Decoder is also composed of a stack of N = 6 identical layers. 

In [38]:
class Decoder(nn.Module):
    "Generic N layer decoder with masking"

    def __init__(self, layer, N):
        super(Decoder, self).__init__()
        self.layers = clones(layer, N)
        self.norm = LayerNorm(layer.size)

    def forward(self, x, memory, src_mask, tgt_mask):
        for layer in self.layers:
            x = layer(x, memory, src_mask, tgt_mask)
        return self.norm(x)

In [39]:
# single layer of decoder 
class DecoderLayer(nn.Module):
    "Decoder is made of self-attn, src_attn, and feed forward (defined below)"

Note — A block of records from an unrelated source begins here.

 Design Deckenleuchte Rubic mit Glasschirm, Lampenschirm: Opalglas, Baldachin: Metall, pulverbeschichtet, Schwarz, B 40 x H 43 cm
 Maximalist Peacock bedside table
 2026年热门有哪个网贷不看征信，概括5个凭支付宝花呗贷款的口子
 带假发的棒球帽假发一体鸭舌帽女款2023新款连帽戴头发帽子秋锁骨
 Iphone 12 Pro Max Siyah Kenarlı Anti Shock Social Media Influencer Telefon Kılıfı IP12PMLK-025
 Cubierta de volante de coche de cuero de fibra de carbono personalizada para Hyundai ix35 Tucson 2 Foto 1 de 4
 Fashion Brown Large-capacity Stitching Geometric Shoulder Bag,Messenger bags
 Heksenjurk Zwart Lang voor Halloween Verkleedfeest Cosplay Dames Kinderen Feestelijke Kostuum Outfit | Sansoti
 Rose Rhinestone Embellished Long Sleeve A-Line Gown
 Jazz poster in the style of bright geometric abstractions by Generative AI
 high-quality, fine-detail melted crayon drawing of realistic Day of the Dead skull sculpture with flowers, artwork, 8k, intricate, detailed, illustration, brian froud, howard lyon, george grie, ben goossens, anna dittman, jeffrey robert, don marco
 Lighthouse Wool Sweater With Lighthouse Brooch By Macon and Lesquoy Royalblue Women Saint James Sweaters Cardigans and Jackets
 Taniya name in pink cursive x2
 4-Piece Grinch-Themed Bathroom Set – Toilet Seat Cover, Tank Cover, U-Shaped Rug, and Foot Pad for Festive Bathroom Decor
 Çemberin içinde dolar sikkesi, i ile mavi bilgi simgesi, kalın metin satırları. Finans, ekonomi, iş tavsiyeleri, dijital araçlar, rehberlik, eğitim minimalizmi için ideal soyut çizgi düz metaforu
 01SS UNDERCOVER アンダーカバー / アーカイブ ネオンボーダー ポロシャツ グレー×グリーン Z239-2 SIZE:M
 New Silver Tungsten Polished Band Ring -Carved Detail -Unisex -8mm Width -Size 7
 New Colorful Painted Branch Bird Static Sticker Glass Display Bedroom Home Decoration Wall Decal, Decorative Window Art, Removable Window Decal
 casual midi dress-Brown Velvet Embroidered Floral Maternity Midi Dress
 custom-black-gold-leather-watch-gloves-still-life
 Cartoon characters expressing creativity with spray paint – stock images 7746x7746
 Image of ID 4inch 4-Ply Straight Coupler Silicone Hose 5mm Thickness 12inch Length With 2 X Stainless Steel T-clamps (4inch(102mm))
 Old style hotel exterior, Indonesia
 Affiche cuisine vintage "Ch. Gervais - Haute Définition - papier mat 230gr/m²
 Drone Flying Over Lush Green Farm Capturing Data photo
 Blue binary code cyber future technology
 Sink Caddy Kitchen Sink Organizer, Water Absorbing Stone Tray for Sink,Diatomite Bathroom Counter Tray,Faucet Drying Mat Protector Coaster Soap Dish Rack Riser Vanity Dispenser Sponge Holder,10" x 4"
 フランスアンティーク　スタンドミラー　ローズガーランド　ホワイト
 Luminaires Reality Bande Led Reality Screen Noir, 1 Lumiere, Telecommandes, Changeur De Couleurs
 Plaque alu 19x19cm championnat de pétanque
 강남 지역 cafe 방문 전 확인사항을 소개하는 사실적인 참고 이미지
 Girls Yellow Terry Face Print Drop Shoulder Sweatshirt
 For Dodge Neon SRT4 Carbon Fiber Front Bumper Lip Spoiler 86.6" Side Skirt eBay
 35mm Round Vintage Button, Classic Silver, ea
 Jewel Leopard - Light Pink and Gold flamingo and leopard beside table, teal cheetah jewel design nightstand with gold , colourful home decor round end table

    def __init__(self, size, self_attn, src_attn, feed_forward, dropout):
        super(DecoderLayer, self).__init__()
        self.size = size
        self.self_attn = self_attn
        self.src_attn = src_attn 
        self.feed_forward= feed_forward 
        self.sublayer = clones(SublayerConnection(size, dropout), 3) # decoder has three sublayer 

    def forward(self, x, memory, src_mask, tgt_mask):
        "Follow Figure 1 (right) for connections."
        m = memory 
        x = self.sublayer[0](x, lambda x: self.self_attn(x, x, x, tgt_mask))  # apply self-attention 
        x = self.sublayer[1](x, lambda x: self.src_attn(x, m, m, src_mask))  # performs multi-head attention over the output of the ENCODER stack 
        return self.sublayer[2](x, self.feed_forward)  # apply feed forward

In [40]:
# this method return matrix of (1, size, size) 
def subsequent_mask(size):
    "Mask out subsequent positions."
    attn_shape = (1, size, size)

    # torch.trui: Returns the upper triangular part of a matrix (2D matrix)
    #   diagonal=1: 대각행렬을 살린다. 
    #   torch.uint8: 8-bit unsigned integer       # WHY ?_? 왜 uint8 로 타입을 바꿔주지? 
    subsequent_mask = torch.triu(torch.ones(attn_shape), diagonal=1).type(
        torch.uint8
    )
    return subsequent_mask == 0

In [41]:
def example_mask():
    LS_data = pd.concat(
        [
            pd.DataFrame(
                {
                    "Subsequent Mask": subsequent_mask(20)[0][x, y].flatten(), # flatten(): 1D 배열로 
                    "Window": y, 
                    "Masking": x, 
                }
            )
            for y in range(20)
            for x in range(20)
        ]
    )

    return (
        alt.Chart(LS_data)
        .mark_rect()
        .properties(height=250, width=250)
        .encode(
            alt.X("Window:O"),
            alt.Y("Masking:O"),
            alt.Color("Subsequent Mask:Q", scale=alt.Scale(scheme="viridis")),
        )
        .interactive()
    )

show_example(example_mask)

#### Attention 

Attention function can be described as mapping a query and a set of key-value pairs to an output, where the query, keys, values, and output are all vectors. The output is computed as a weighted sum of the values, where the weight assigned to each value is computed by a compatibility function of the query with the correspoonding key.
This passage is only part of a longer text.